(Task inputs)

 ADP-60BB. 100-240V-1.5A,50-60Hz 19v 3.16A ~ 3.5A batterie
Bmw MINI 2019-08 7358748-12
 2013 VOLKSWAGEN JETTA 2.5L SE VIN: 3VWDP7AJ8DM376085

(End Task inputs)
(Task inputs)

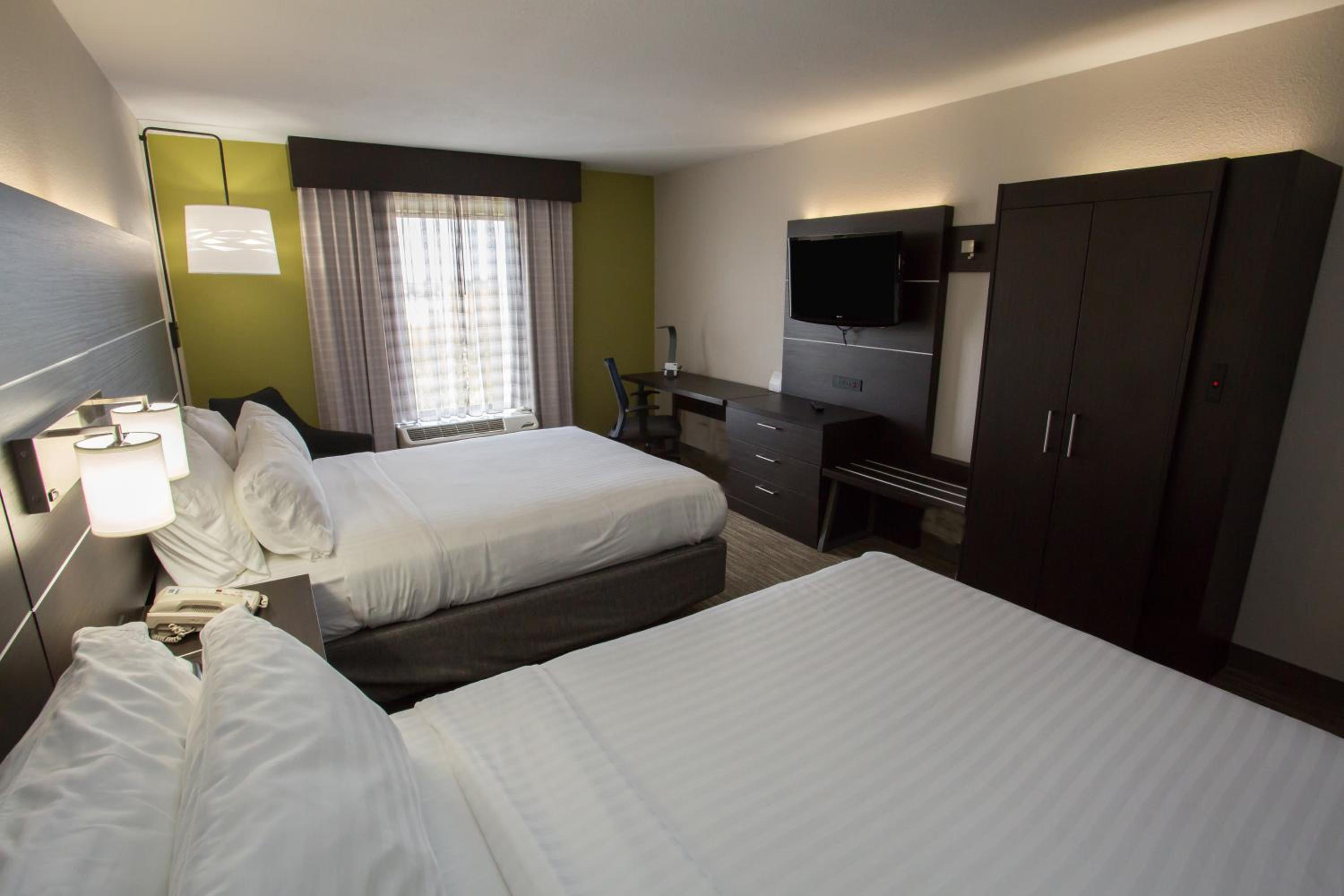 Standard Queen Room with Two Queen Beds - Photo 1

(End Task inputs)

Try it >> Reprint exactly the lines above that start at the one with "Bmw MINI 2019-08 7358748-12" and end at the one with "2013 VOLKSWAGEN JETTA", keeping both and adding none.

Output of the task >>
Bmw MINI 2019-08 7358748-12
 2013 VOLKSWAGEN JETTA 2.5L SE VIN: 3VWDP7AJ8DM376085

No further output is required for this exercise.